Exercise –
Reproduce, exactly, the lines of the material below from the line containing "bathroom featuring hardwood" through the line containing "Portrait of a", with both end lines included and nothing else.

The data –
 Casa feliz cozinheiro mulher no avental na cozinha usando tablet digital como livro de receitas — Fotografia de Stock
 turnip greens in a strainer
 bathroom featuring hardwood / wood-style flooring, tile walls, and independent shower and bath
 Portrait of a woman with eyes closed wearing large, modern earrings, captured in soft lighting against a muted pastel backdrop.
* * *
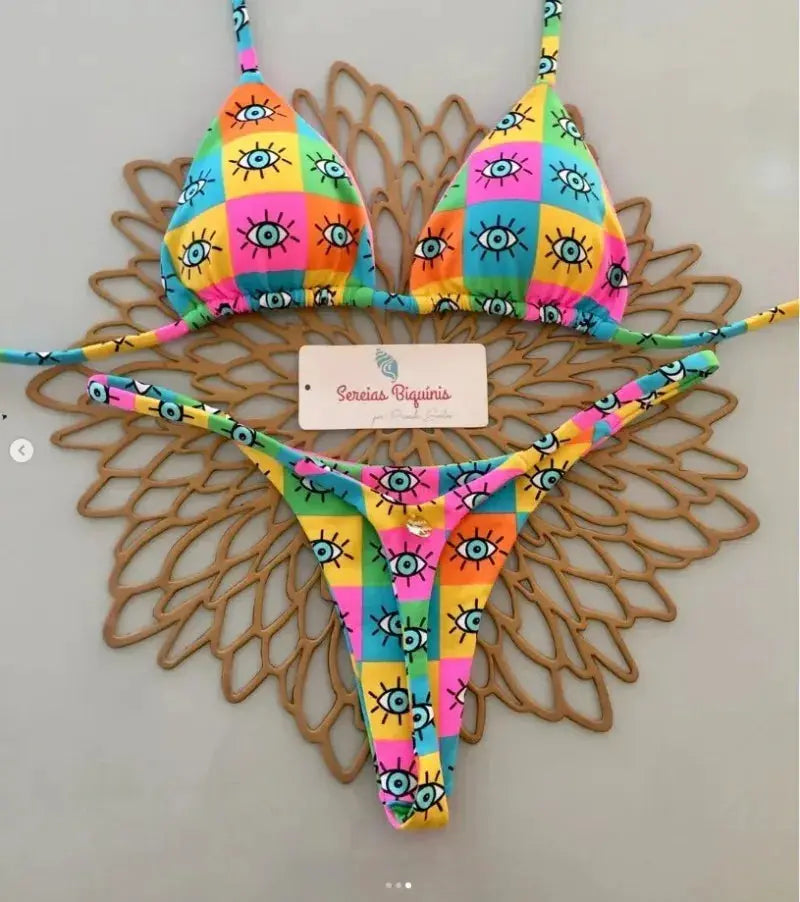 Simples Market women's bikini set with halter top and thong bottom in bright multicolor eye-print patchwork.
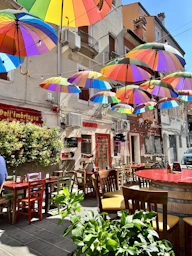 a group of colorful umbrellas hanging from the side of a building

Answer section –
 bathroom featuring hardwood / wood-style flooring, tile walls, and independent shower and bath
 Portrait of a woman with eyes closed wearing large, modern earrings, captured in soft lighting against a muted pastel backdrop.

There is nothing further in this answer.